As the initial component, nanosized aerosil powder (SiO ₂ ) with a specific surface area range of 350-380 m ² / g was chosen. When using aerosil with a specific surface of less than 350 m ² / g, the final cathode material, after applying lithium oxides and iron oxides, will not have a sufficient diffusion coefficient for lithium, which will lead to a deterioration in electrochemical characteristics. When using aerosil with a specific surface of more than 380 m ² / g, the final cathode material, due to its high activity, will dissolve in the electrolyte.
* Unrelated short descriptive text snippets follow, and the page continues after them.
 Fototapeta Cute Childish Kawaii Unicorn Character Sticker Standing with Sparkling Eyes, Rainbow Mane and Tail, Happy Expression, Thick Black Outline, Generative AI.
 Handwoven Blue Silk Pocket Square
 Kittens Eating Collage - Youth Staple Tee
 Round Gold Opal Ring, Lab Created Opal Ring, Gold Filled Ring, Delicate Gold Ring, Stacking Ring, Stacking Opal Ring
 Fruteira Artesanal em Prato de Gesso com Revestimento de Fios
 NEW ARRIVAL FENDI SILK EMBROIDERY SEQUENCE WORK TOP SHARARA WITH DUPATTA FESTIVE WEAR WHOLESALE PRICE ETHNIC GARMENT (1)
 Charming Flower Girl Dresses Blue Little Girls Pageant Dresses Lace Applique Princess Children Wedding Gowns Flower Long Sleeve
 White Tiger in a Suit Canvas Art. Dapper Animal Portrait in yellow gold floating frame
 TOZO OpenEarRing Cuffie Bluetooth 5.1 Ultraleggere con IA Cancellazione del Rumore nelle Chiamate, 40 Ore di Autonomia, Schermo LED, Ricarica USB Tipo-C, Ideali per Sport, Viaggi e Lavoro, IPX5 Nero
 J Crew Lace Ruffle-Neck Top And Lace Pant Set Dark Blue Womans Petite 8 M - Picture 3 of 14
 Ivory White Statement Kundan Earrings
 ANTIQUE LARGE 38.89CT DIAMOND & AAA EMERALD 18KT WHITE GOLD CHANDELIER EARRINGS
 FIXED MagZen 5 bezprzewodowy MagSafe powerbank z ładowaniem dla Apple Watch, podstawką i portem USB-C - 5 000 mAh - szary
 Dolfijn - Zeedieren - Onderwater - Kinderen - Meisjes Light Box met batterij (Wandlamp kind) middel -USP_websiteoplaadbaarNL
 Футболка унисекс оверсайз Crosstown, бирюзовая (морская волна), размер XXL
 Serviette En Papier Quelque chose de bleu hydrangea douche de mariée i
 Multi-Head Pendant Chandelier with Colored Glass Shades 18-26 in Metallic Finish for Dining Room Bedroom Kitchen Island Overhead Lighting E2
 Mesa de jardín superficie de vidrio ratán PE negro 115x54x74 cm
The drying time of aerosil is from 1 to 3 hours, when the aerosil is in vacuum for less than 1 hour, all adsorbed moisture does not evaporate completely, which will lead to defects in the applied films, when drying for more than 3 hours, surface functional groups begin to fly away from the aerosil surface, which also leads to deterioration of chemisorption between aerosil and oxides of lithium and iron. The thickness of the coatings of iron oxide and lithium oxide applied to the aerosil was determined in the range of 1-3 nm, with a thickness of less than 1 nm the formation of conformal films is not provided, and thicknesses of more than 3 nm do not allow full diffusion mixing at temperatures of 300-500 ° C, which in turn, will lead to the formation of defects in the crystal structure and a decrease in electrochemical characteristics. With diffusion stirring at a temperature of at least 300 ° C and at least 8 hours, lithium and iron will not be completely introduced into the aerosil matrix, which will lead to the formation of a non-stoichiometric composition. During heat treatment for more than 15 hours at a temperature of more than 500 ° C, the growth of aerosil particles coated with lithium oxide and iron oxide will occur, which in turn will lead to a decrease in the specific surface and, therefore, to a decrease in the specific capacity of the finished cathode material.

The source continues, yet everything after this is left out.